In my experience, I have used the following selectors:
Class Name - By.className()
CSS Selector - By.cssSelector()
ID - By.id()
Link Text - By.linkText()
Name - By.name()
Tag Name - By.tagName()
XPath - By.xpath()
Obviously, when only one option is usable to locate an element, we must use that one, but when multiple methods may be used (ex: the div below), how should it be determined which method to use? Are there selectors that are more efficient than others? Are there some that are more durable?
<div class="class" id="id" name="name">Here's a div</div>

Just for s&gs...
I timed each of the identifier methods finding the div above five separate times and averaged the time taken to find the element.
WebDriver driver = new FirefoxDriver();
driver.get("file://<Path>/div.html");
long starttime = System.currentTimeMillis();
//driver.findElement(By.className("class"));
//driver.findElement(By.cssSelector("html body div"));
//driver.findElement(By.id("id"));
//driver.findElement(By.name("name"));
//driver.findElement(By.tagName("div"));
//driver.findElement(By.xpath("/html/body/div"));
long stoptime = System.currentTimeMillis();
System.out.println(stoptime-starttime + " milliseconds");
driver.quit();
They are sorted below by average run time..
CssSelector: (796ms + 430ms + 258ms + 408ms + 694ms) / 5 = ~517.2ms
ClassName: (670ms + 453ms + 812ms + 415ms + 474ms) / 5 = ~564.8ms
Name: (342ms + 901ms + 542ms + 847ms + 393ms) / 5 = ~605ms
ID: (888ms + 700ms + 431ms + 550ms + 501ms) / 5 = ~614ms
Xpath: (835ms + 770ms + 415ms + 491ms + 852ms) / 5 = ~672.6ms
TagName: (998ms + 832ms + 1278ms + 227ms + 648ms) / 5 = ~796.6ms
After reading #JeffC 's answer I decided to compare By.cssSelector() with classname, tagname, and id as the search terms. Again, results are below..
WebDriver driver = new FirefoxDriver();
driver.get("file://<Path>/div.html");
long starttime = System.currentTimeMillis();
//driver.findElement(By.cssSelector(".class"));
//driver.findElement(By.className("class"));
//driver.findElement(By.cssSelector("#id"));
//driver.findElement(By.id("id"));
//driver.findElement(By.cssSelector("div"));
//driver.findElement(By.tagName("div"));
long stoptime = System.currentTimeMillis();
System.out.println(stoptime-starttime + " milliseconds");
driver.quit();
By.cssSelector(".class"): (327ms + 165ms + 166ms + 282ms + 55ms) / 5 = ~199ms
By.className("class"): (338ms + 801ms + 529ms + 804ms + 281ms) / 5 = ~550ms
By.cssSelector("#id"): (58ms + 818ms + 261ms + 51ms + 72ms) / 5 = ~252ms
By.id("id") - (820ms + 543ms + 112ms + 434ms + 738ms) / 5 = ~529ms
By.cssSelector("div"): (594ms + 845ms + 455ms + 369ms + 173ms) / 5 = ~487ms
By.tagName("div"): (825ms + 843ms + 715ms + 629ms + 1008ms) / 5 = ~804ms
From this, it seems like you should use css selectors for just about everything you can!

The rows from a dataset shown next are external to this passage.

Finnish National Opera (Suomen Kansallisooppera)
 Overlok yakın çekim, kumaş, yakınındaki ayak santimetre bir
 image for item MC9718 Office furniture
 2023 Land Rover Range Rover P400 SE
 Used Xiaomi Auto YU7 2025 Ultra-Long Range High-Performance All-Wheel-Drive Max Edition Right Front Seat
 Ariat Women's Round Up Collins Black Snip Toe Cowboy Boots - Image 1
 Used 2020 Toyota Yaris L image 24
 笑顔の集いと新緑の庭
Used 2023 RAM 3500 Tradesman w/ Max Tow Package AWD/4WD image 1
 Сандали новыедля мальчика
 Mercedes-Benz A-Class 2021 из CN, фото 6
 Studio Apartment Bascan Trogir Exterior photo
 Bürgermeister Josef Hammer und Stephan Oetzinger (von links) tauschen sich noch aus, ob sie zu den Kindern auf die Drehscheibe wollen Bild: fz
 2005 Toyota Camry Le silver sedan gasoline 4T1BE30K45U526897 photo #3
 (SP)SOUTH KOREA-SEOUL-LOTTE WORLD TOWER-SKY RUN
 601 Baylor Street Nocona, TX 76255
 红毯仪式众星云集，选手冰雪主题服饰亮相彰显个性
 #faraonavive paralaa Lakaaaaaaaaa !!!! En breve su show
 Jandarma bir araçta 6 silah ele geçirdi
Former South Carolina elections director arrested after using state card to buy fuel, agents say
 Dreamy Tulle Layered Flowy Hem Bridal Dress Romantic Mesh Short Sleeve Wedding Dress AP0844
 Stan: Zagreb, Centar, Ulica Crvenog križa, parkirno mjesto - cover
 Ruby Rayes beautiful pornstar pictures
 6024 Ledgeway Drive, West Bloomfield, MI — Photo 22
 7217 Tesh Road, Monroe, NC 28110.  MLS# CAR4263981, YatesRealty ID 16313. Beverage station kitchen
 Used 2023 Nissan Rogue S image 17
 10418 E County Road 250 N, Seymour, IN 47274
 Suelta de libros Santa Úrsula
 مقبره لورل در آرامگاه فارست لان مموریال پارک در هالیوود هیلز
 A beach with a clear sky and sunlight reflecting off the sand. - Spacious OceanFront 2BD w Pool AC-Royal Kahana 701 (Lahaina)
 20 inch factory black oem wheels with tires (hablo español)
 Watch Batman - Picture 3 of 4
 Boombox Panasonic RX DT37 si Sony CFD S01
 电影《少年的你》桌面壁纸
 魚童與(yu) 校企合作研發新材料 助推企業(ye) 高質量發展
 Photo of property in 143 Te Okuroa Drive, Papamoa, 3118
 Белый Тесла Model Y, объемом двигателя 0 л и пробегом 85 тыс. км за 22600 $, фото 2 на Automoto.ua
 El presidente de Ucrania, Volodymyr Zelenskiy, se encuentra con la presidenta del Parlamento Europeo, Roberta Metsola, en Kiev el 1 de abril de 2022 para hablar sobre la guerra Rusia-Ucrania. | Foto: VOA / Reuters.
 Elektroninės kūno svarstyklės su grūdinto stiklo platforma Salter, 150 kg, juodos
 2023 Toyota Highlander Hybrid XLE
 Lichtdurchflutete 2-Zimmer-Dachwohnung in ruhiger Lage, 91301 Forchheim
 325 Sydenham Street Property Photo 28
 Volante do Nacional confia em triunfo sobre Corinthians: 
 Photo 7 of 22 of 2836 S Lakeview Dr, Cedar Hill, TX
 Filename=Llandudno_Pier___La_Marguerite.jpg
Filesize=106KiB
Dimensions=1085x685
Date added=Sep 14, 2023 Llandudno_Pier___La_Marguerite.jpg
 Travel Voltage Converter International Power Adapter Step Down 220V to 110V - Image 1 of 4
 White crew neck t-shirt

In my experience, I use these locators in this order:
id
linkText/partialLinkText
CSS Selector
XPath
The others: class name, tag name, name, etc. can all be found using CSS selectors. I rarely need a single class name so I prefer CSS selector so that I can use more than one class but also specify a tag name to make it more specific and less likely to break. Tag name is rarely used... unless we are talking about a TABLE or TR or TD tags and those can all be done with CSS Selectors. I generally find that tags with a name also have an id so I prefer id.
I recently found, as you did in your answer, that CSS selector is the fastest. This makes sense because Selenium is using the browser to do the searches and CSS selectors are so common that the different browsers have optimized performance for their use.
linkText/partialLinkText are very specialized so I don't really count them. I use them when I can and it makes sense. I have thought about just using By.cssSelector("#someId") but I don't think it really makes that much of a difference and By.id() is just a little more obvious when using an Id.
I rarely use XPath and only when I can't accomplish it with other locators, e.g. in the case of text from a tag or some weird child/descendant thing that I can't do with CSS selectors. I found (and read) that XPath support is varied by browser and it's slower so I avoid it unless absolutely necessary... and I have found you can locate 99% of elements with #1-3.
ids should be the most durable. LinkText and partialLinkText are probably fairly durable, depending on the page. Classes applied and the structure of the HTML that you would use with CSS selectors are probably the most likely to change with a page update. It really depends on the size of the update as to whether a partial portion of a page is changed. CSS Selectors and XPath would both (generally) be affected by these sorts of changes.
In the end... as long as you aren't scraping the page for hundreds of elements, one page transition is likely to be WAY more significant than a few hundred ms of difference between locator methods.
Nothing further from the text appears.